----- Excerpted data -----
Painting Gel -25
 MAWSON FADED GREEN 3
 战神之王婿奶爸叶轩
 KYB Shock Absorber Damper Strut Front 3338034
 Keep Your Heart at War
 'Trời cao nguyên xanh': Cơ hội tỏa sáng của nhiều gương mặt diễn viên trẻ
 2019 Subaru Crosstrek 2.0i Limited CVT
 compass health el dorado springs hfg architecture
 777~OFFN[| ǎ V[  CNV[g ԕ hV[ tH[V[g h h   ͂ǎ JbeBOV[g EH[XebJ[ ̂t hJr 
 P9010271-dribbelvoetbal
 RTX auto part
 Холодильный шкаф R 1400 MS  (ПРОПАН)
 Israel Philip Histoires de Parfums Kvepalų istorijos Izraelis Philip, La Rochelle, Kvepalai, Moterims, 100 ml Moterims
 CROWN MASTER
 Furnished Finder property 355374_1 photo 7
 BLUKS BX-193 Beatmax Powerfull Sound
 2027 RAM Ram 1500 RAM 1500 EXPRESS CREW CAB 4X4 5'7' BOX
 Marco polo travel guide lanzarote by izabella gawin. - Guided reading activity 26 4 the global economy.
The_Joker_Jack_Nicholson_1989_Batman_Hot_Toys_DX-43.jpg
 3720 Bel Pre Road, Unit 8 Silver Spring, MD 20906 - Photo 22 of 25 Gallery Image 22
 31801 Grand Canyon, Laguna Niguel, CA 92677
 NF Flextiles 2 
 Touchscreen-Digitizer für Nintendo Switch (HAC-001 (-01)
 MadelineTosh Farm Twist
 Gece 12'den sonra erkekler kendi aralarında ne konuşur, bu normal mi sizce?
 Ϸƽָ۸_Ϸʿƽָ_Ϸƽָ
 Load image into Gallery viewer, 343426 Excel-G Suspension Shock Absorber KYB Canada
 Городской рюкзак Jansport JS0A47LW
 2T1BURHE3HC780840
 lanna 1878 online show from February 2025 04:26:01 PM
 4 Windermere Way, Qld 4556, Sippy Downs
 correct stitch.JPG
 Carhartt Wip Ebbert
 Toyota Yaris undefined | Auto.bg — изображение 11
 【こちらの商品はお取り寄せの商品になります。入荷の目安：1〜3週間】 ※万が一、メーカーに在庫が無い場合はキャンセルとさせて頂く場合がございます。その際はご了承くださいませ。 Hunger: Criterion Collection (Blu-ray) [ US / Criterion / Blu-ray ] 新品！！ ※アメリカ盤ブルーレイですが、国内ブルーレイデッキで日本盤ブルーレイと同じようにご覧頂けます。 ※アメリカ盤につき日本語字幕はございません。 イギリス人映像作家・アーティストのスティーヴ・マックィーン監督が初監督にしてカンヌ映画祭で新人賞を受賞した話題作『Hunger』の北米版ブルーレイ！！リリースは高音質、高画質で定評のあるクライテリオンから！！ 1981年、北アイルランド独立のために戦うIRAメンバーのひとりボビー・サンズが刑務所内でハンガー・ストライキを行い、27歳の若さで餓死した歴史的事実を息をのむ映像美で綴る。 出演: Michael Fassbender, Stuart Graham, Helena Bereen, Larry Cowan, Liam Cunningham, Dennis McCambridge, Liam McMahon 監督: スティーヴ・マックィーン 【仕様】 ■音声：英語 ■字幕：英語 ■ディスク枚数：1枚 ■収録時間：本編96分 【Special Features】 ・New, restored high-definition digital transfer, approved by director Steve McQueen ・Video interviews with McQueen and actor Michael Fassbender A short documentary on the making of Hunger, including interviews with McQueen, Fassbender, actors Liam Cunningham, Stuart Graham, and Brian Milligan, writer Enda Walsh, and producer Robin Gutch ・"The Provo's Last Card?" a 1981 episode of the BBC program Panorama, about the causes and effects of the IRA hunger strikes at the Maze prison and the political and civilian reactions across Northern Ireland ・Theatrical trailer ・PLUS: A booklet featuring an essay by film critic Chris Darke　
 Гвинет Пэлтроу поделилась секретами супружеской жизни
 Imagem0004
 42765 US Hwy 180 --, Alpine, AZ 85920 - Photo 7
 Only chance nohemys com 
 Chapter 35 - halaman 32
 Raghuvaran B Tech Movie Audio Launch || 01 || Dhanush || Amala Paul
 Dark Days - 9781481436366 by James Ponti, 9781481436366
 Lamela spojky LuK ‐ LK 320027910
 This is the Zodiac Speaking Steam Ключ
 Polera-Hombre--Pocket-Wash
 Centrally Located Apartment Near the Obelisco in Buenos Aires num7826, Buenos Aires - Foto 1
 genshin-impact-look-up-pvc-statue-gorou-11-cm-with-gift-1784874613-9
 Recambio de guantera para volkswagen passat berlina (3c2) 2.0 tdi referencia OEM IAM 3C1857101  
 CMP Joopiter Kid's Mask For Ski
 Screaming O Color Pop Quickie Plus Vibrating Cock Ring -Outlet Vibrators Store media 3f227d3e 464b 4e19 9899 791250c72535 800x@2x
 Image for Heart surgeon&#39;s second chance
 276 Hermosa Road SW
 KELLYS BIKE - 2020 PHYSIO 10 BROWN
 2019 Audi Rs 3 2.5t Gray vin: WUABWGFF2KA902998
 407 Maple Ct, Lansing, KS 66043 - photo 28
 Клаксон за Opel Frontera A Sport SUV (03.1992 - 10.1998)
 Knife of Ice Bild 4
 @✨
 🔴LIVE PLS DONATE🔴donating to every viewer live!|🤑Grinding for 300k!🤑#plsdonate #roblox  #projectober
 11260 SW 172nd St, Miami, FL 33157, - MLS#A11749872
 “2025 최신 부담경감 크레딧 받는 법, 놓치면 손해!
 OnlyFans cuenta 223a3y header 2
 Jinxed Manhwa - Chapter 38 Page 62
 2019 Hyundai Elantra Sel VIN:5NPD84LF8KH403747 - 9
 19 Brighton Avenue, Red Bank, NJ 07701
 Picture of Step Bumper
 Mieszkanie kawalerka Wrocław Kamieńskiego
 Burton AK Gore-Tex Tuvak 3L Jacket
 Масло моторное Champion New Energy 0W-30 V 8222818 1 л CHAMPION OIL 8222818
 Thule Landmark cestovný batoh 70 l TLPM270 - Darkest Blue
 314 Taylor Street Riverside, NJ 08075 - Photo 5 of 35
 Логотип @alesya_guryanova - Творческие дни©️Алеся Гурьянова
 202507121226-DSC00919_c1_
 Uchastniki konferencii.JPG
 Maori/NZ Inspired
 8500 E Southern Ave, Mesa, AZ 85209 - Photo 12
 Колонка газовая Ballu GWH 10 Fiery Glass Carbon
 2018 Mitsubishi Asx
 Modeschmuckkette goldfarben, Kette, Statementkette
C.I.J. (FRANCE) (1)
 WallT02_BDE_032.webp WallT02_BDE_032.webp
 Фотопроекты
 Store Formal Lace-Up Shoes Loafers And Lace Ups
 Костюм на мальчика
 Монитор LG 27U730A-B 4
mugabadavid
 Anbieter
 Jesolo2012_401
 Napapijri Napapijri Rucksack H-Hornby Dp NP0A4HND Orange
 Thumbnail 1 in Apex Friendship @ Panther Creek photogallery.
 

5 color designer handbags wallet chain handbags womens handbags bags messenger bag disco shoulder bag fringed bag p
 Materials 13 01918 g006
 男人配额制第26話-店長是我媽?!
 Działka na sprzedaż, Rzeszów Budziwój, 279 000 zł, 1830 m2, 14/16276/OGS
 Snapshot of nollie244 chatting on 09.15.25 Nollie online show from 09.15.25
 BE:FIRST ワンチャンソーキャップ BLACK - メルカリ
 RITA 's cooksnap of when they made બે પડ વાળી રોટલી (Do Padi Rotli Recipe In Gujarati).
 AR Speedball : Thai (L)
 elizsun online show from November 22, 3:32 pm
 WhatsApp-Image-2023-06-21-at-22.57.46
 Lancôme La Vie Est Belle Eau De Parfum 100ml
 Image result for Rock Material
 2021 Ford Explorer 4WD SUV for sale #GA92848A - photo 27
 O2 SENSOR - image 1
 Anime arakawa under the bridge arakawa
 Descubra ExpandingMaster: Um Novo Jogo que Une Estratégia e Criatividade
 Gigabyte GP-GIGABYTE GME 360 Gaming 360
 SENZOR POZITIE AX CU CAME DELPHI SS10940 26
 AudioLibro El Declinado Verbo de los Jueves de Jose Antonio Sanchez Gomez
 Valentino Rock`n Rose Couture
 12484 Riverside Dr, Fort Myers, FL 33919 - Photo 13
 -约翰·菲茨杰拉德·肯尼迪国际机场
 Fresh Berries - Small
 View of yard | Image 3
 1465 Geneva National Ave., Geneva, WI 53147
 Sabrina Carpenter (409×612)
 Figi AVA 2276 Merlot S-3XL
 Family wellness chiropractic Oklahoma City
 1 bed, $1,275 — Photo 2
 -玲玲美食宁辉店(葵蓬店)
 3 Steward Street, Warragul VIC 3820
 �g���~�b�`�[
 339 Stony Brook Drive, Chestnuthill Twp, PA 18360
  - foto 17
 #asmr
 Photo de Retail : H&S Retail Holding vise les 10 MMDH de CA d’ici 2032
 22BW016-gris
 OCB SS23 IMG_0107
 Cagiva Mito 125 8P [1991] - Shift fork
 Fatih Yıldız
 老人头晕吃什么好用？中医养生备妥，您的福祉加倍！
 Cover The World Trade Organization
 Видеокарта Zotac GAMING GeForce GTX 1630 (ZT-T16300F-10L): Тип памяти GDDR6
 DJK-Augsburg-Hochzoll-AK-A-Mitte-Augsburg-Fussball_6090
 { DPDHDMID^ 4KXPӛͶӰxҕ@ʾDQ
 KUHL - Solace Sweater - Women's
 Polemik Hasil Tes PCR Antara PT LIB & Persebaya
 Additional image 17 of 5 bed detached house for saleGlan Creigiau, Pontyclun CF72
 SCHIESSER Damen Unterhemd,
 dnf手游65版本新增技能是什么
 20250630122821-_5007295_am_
-----
Required work: Determine the number of lines in the data above that contain the word "from", and provide only that figure.

Expected output: 3